We were already fans of the Galaxy’s clever settings to dramatically extend battery life by not just throttling back selected apps and activities but even dropping the screen into mono mode.

The Galaxy S7 gets to work on the other side of the coin with quick-charge tech that’ll fully charge the battery in 100 minutes.

(As with the S6, wireless charging is also built-in but the charger will cost you extra – and in case you missed it, Ikea now offers a range of lamps and tables sporting Samsung-friendly wireless chargers.)

And pleasingly, there’s plenty of juice in the S7 Edge’s tank.

Samsung’s use of a malleable battery material let it shape the cell to better fit the S7’s curved innards and deliver a solid 3,600 mAh capacity, well up from the sixth-gem Samsungs.

Another part of the holistic approach: half of the engines in the eight-core processor run at a slower speed (1.6GHz, against the 2.3GHz ‘power four’ which kick in for demanding tasks such as video) to further extend battery life. 

2. Brilliant photos

The S7’s camera tech is a show-stopper.

Both the front (5MP) and rear (12MP) lenses are set to a large fast-focus f/1.7 aperture so that more light flows through to the dual-pixel sensors.

And yes, the S6 series had a 16MP camera, but this is a perfect example of great photos being about more than just the number of pixels behind the glass.

In the S7, the individual pixels are larger so that they snare almost 50% more light.

Daytime shots are crisp and crackling but it’s the clarity of night-time snaps when you’re out and about at restaurants, bars or just playing tourist that’ll take you by surprise.

3. Always-on screen

Most travellers have their smartphone double as a bedside clock, and many of us glance at the phone throughout the day just to check the time.

So why not show the time on the screen even when the screen’s switched off?
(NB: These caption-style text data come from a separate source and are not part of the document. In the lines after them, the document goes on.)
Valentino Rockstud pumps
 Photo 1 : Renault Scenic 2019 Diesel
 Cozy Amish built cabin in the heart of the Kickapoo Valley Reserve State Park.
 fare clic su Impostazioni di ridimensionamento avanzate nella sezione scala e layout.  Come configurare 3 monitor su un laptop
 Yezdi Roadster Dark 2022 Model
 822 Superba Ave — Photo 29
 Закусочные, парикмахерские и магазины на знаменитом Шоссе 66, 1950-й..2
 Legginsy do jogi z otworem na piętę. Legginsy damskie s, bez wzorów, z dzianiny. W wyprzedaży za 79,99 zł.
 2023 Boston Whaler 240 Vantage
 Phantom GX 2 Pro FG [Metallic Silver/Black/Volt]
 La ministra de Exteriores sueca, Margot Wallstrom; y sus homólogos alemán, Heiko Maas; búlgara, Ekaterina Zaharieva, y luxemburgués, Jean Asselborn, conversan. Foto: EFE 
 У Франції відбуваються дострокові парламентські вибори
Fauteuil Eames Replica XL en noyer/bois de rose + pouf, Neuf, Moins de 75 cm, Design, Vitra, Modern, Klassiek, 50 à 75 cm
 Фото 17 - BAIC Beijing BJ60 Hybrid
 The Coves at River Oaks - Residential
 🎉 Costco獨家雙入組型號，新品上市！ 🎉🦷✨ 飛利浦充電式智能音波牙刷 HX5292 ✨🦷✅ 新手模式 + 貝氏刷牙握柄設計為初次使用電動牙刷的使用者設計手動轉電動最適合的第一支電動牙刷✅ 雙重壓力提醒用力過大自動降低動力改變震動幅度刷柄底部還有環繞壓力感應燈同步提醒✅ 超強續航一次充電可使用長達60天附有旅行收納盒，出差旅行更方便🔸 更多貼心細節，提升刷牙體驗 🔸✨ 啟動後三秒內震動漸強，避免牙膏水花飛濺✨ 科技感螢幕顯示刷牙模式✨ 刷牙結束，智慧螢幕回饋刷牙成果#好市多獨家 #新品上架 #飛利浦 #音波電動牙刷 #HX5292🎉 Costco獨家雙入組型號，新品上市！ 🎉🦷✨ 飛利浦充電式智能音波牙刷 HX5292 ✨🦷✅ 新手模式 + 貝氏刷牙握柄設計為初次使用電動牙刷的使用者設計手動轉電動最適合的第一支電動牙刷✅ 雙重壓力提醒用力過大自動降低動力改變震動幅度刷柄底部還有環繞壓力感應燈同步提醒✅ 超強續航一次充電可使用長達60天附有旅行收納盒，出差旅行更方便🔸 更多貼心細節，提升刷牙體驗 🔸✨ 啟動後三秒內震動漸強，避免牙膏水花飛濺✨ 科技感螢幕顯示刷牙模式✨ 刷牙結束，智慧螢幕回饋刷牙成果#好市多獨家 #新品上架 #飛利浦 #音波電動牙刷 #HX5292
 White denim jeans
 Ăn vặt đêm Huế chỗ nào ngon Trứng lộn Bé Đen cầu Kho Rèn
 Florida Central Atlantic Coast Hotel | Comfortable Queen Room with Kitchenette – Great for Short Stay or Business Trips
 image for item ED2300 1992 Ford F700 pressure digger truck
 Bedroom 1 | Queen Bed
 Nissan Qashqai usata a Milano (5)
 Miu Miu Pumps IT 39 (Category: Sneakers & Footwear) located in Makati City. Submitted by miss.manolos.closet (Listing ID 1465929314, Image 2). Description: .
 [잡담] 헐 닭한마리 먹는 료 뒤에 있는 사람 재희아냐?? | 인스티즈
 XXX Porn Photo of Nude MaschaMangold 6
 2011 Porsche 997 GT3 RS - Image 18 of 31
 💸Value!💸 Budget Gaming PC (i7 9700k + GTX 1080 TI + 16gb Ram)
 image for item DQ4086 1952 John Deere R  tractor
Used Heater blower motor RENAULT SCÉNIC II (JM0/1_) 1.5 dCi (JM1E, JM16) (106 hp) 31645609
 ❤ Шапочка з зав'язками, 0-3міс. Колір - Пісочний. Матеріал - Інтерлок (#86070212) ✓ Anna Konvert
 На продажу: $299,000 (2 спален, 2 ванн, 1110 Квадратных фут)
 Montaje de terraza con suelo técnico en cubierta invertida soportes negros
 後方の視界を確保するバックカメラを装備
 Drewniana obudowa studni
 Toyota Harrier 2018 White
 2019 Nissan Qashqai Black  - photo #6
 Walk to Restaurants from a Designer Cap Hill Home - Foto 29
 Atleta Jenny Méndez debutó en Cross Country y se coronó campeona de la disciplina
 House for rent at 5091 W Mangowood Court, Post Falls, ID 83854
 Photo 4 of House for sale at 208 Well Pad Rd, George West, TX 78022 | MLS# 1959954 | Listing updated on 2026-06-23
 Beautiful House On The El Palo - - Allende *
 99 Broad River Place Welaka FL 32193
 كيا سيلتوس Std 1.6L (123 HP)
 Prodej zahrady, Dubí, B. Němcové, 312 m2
That’d usually mean a fast death to the battery, but Samsung’s use of advanced AMOLED display technology has a neat trick up its sleeve.

AMOLED simply turns off any pixel which shows as black, so it only needs to send power to active pixels. This in turn draws the tiniest fraction of juice.

That’s the thinking behind the S7’s ‘always on’ screen mode, which turns the otherwise blank screen into a digital clock with almost no battery penalty.

We’re hoping that Samsung extends the always-on modules to allow for notifications similar to the Edge screen. 

4. Return of the microSD card

There were howls heard far and wide when Samsung dropped the microSD card slot from the S6, locking users into the phone’s factory-fitted storage.

Kudos to Samsung for knowing when to shift into reverse gear, because the S7 and S7 Edge now let you slip a microSD memory wafer into the same slot as the SIM card to stack up to 200GB on top of the phone’s inbuilt 32GB memory bank for storing photos, videos and the like.

5. Elegant design

The S7 raises the design stakes from the S6 with an even more streamlined shape.

The rear camera lens now sits flush with the metal alloy panel while the S6’s sharp edges have been chamfered to a smooth wrap-around finish which seamlessly melds with the hardened front panel glass through a process of 3D Thermoforming.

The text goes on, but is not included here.